── INPUT MATERIAL ──
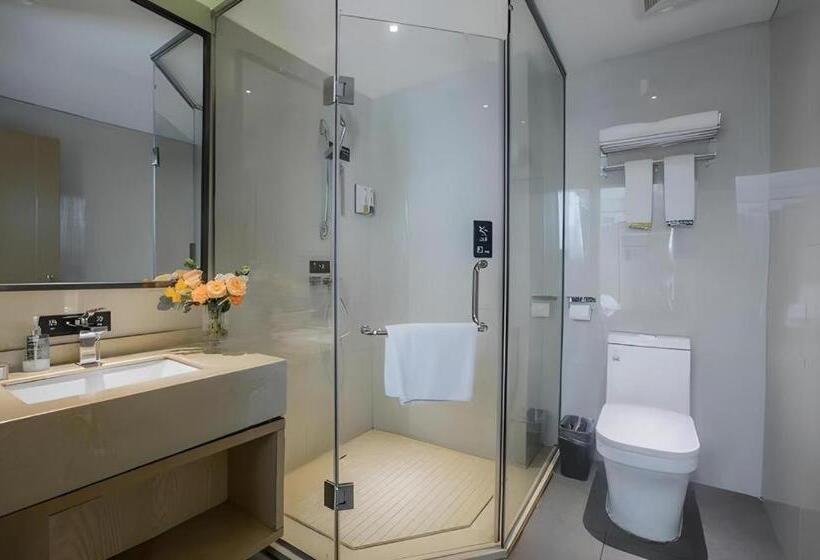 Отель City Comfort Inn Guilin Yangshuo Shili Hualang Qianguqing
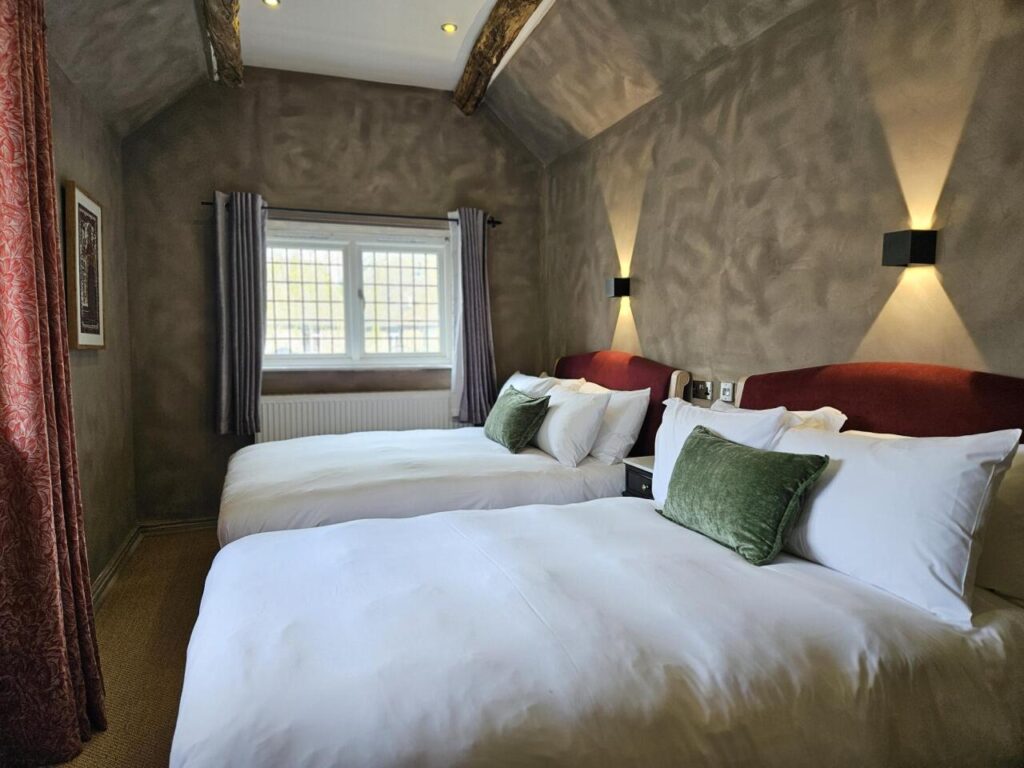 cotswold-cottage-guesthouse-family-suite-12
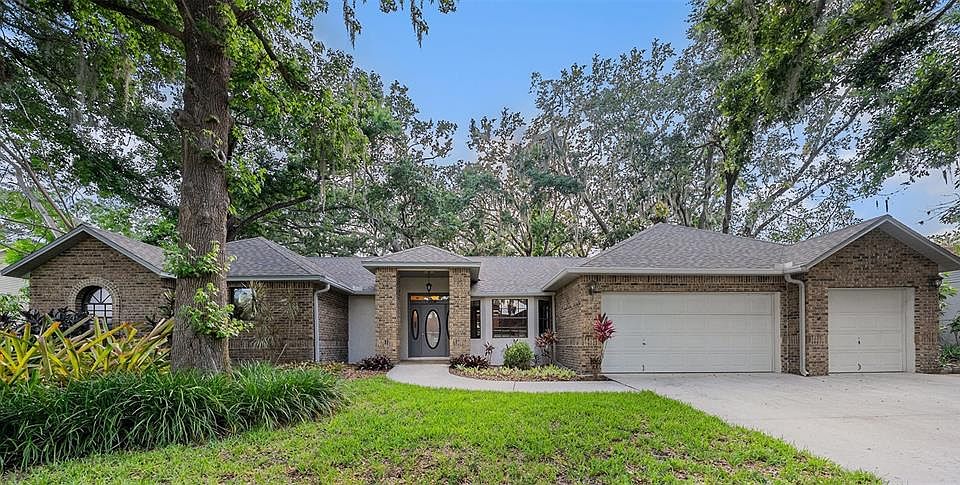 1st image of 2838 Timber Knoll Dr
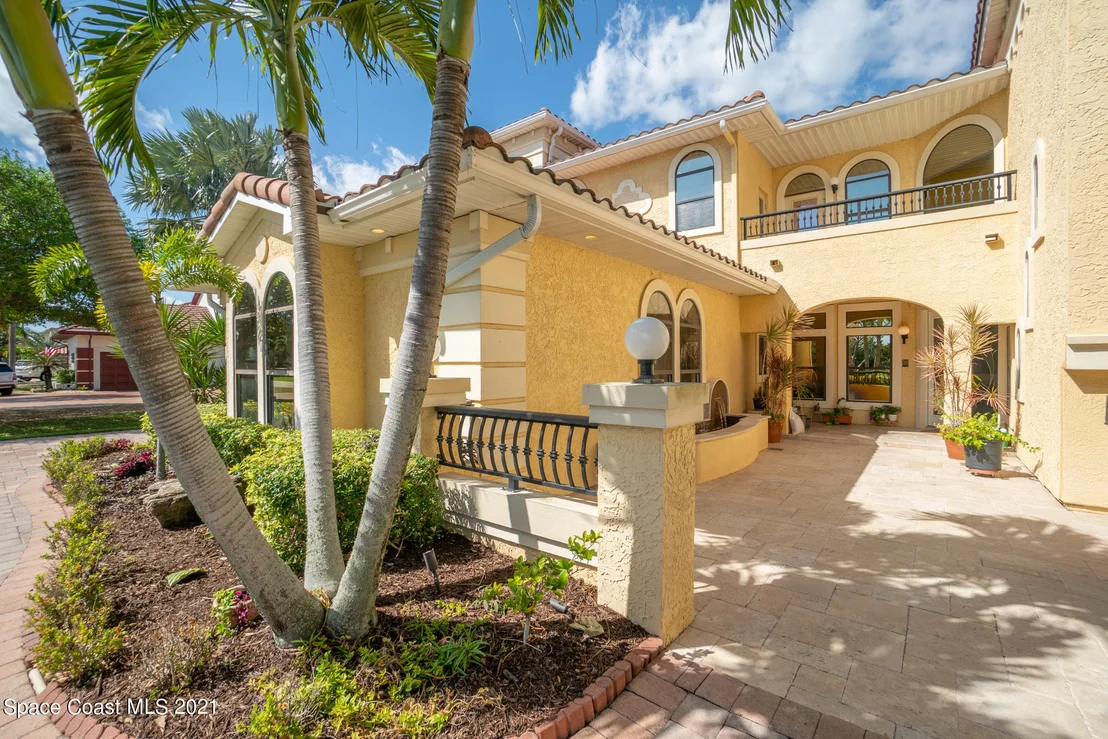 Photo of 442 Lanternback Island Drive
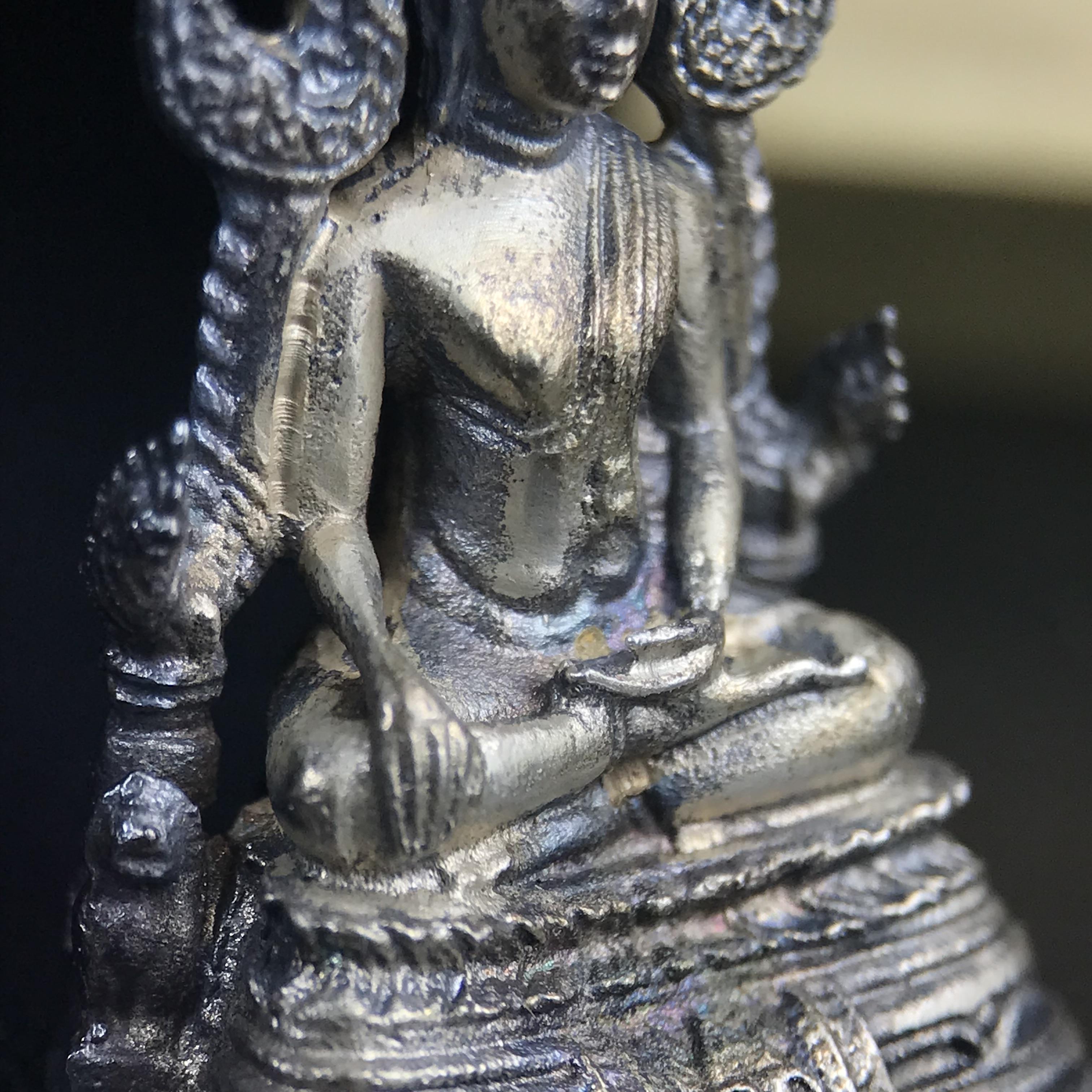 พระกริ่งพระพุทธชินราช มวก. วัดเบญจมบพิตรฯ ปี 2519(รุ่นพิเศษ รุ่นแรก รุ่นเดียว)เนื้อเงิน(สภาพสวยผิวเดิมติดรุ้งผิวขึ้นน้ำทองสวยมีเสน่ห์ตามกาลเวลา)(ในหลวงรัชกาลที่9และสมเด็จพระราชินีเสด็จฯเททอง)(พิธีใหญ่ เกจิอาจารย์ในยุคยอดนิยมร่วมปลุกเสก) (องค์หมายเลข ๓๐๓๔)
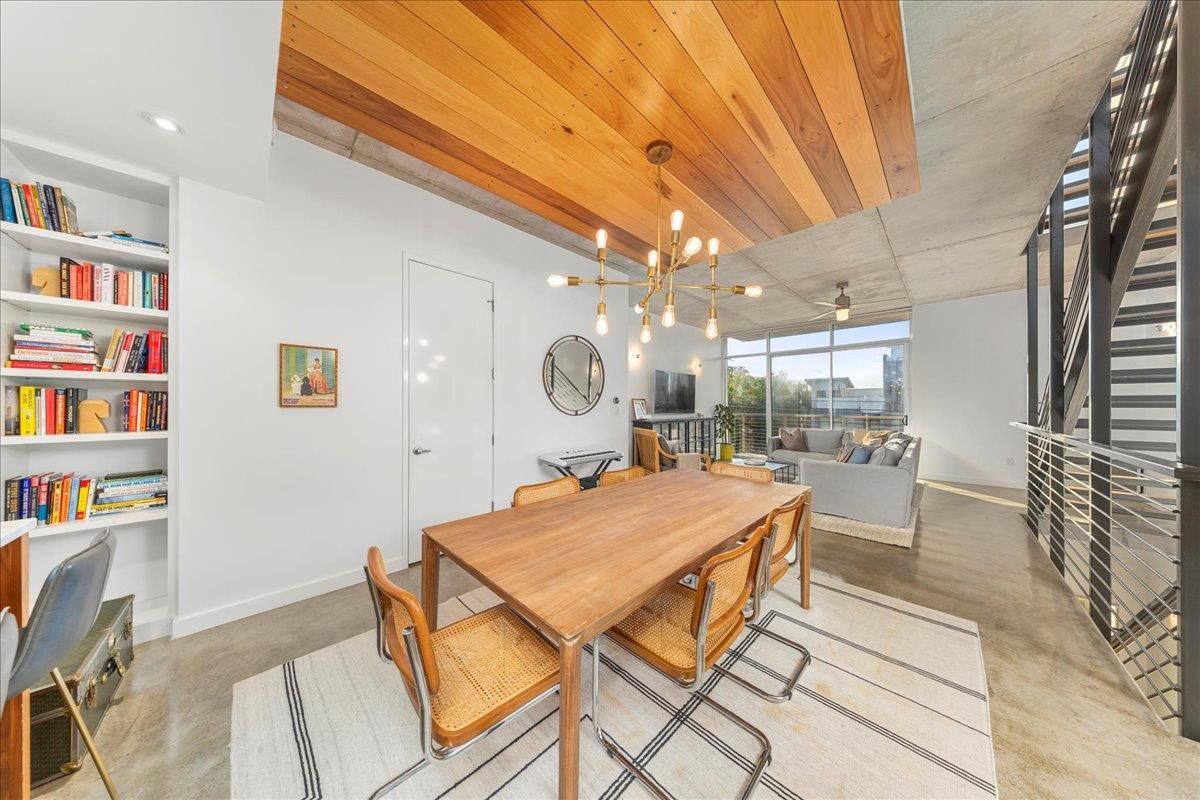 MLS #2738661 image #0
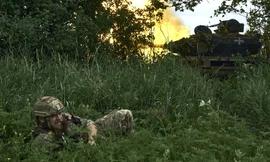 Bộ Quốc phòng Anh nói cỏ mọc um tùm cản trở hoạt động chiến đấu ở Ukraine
───
=== DIRECTIONS FOR THIS TASK ===
Your copy should consist solely of the lines from the line containing "1st image of 2838 Timber Knoll Dr" through the last line of the records above, reproduced exactly, with the pictures left out.

=== RESULT BELOW ===
 1st image of 2838 Timber Knoll Dr
 Photo of 442 Lanternback Island Drive
 พระกริ่งพระพุทธชินราช มวก. วัดเบญจมบพิตรฯ ปี 2519(รุ่นพิเศษ รุ่นแรก รุ่นเดียว)เนื้อเงิน(สภาพสวยผิวเดิมติดรุ้งผิวขึ้นน้ำทองสวยมีเสน่ห์ตามกาลเวลา)(ในหลวงรัชกาลที่9และสมเด็จพระราชินีเสด็จฯเททอง)(พิธีใหญ่ เกจิอาจารย์ในยุคยอดนิยมร่วมปลุกเสก) (องค์หมายเลข ๓๐๓๔)
 MLS #2738661 image #0
 Bộ Quốc phòng Anh nói cỏ mọc um tùm cản trở hoạt động chiến đấu ở Ukraine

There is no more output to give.